I don’t like systems that use git push for deployment (Heroku et al). Why? I do a lot of this:


$ git push deploy
... realize I forgot a domain name ...
$ git commit -m "fix domain name" -a ; git push deploy
... realize I didn't do something right with the database setup ...
$ git commit -m "configure database right" -a ; git push deploy
... dammit, I didn'
t fix it quite right ...
$ git commit -m "typo" -a ; git push deploy
 

And then maybe I’d actually like to keep my config out of my source control, or have a build process that I run locally, or any number of things. I’d like to be able to test deployment, but every deployment is a commit, and I like to commit tested work. I think I could use git rebase but I lack the discipline to undo my work so I can do it correctly. This is why I don’t do continuous commits.

There’s a whole different level of weirdness when you use GitHub Pages as you aren’t pushing to a deployment-specific remote, you are pushing to a deployment-specific branch.

So I’ve generally thought: git deployment is wrong.

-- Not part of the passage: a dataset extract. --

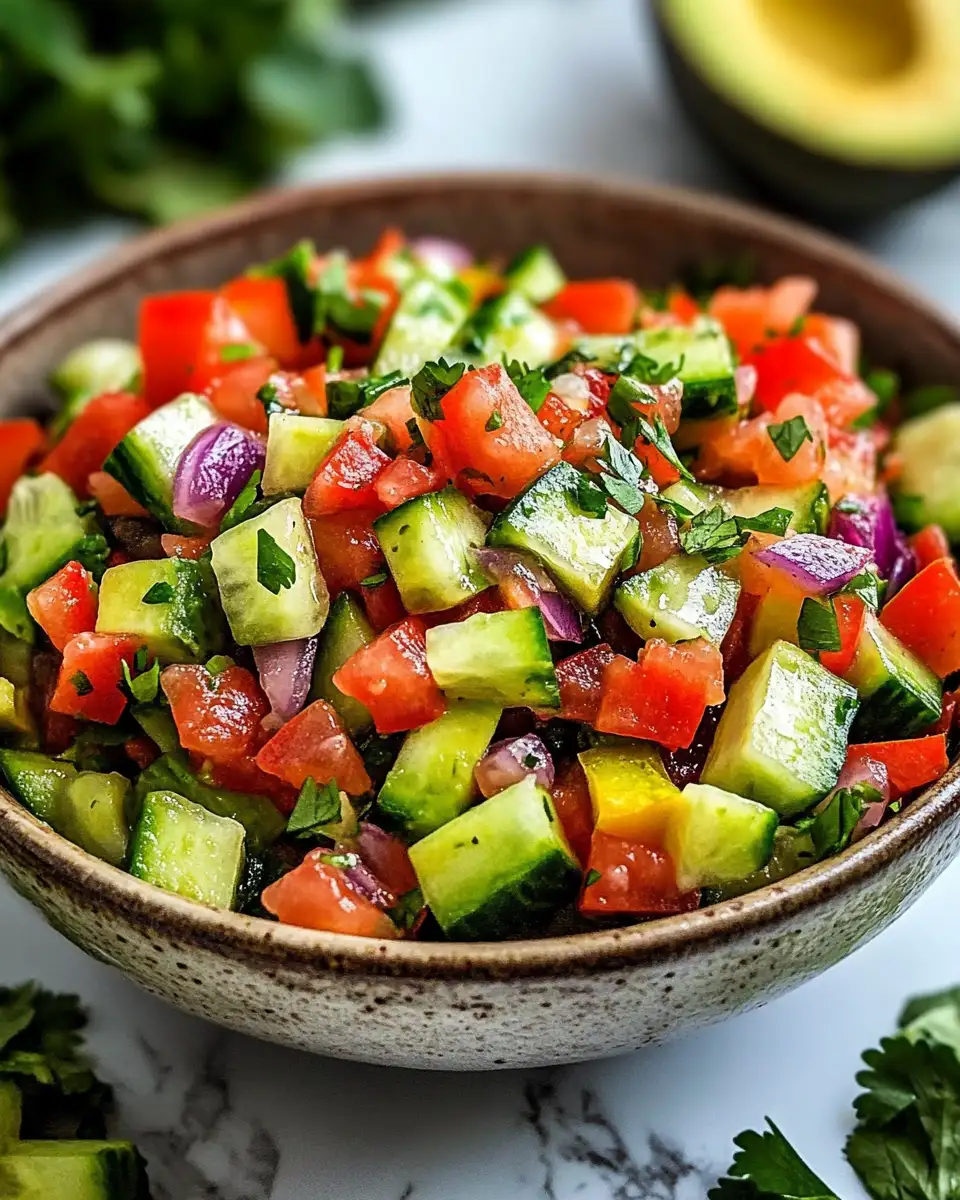 Fresh & Zesty: Dive Into the Ultimate Cucumber Avocado Salsa - Featured Image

Then I was talking to some other people at Mozilla and they mentioned that ops was using git for simply moving files around even though the stuff they were deploying was itself in Mercurial. They had a particular site with a very large number of files, and it was faster to use git than rsync (git has more metadata than rsync; rsync has to look at everything everytime you sync). And that all seemed very reasonable; git is a fine way to sync things.

But I kind of forgot about it all, and just swore to myself as I did too many trivial commits and wrote too many meaningless commit messages.

Still… it isn’t so hard to separate these concerns, is it? So I wrote up a quite small command called git-sync. The basic idea: copy the working directory to a new location (minus .git/), commit that, and push the result to your deployment remote. You can send modified and untracked files, and you can run a build script before committing and push the result of the build script, all without sullying your "real" source control. And you happen to have a nice history of deployments, which is also nice.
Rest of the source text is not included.